Cryptocurrency prices crashed in 2022 as tighter global financial conditions impacted the higher risk portion of capital markets, attracting huge media coverage and encouraging some investors to dismiss Digital Assets as a purely speculative phenomenon.
The Digital Assets ecosystem is certainly used to a great deal of volatility, and the implosions of the third largest stablecoin Terra USD (LUNA), crypto lending platforms Celsius and BlockFi, crypto hedge fund Three Arrows Capital, and cryptocurrency exchange FTX are making it a hard crypto winter. The period from 2017 to 2022 has been reminiscent of the dot-com bubble where, amid steep user growth (Figure 1), investors gave massive valuations to business models which were speculative and sometimes fraudulent.
Figure 1: Cryptocurrency user adoption scenarios
Source: World Bank, Crypto.com, Robeco estimates, 2021.

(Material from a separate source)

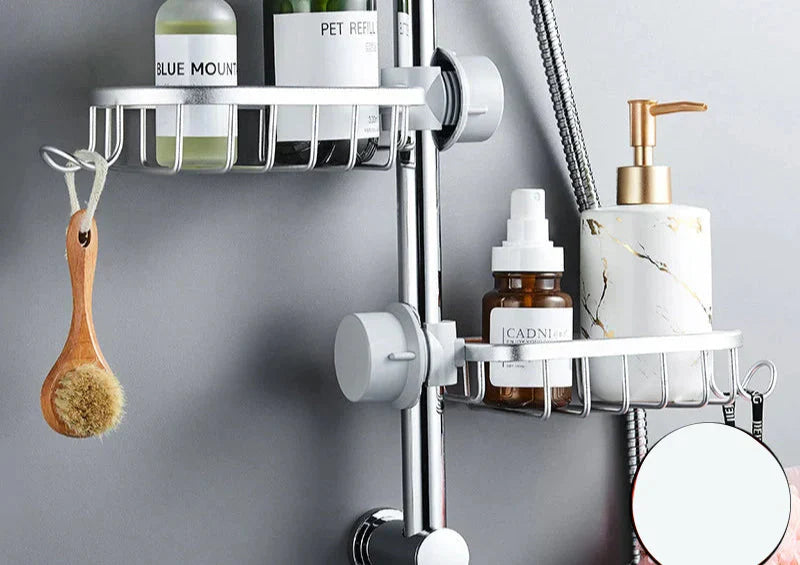 調節可能なアルミニウム製バスルーム棚ラック – ノーパンチシャワーストレージバスケット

Underneath the surface, however, powerful trends are still developing based on the underlying blockchain technology, a record of transactions that does not require an external authority to validate the authenticity and integrity of data. This has become known as Web3 – a catch-all term for the vision of a new, better internet or the third generation of internet services – built upon the core concepts of decentralization, openness, and greater user utility. Blockchains, smart contracts and tokens are used to give power back to the users in the form of ownership. You could summarize it as: Web1 was read-only, Web2 is read-write, and Web3 will be read-write-own.
Regulation to restore confidence in 2023
Progress in fixing the crypto regulatory gap has been slow, largely because regulation always lags innovation, and blockchain technology is relatively new. However, the 2022 cycle that saw the implosion of opaque and unnecessarily complex business models – which was aggravated by high leverage, lack of oversight, no separation of duties and poor risk management – put pressure on global regulators.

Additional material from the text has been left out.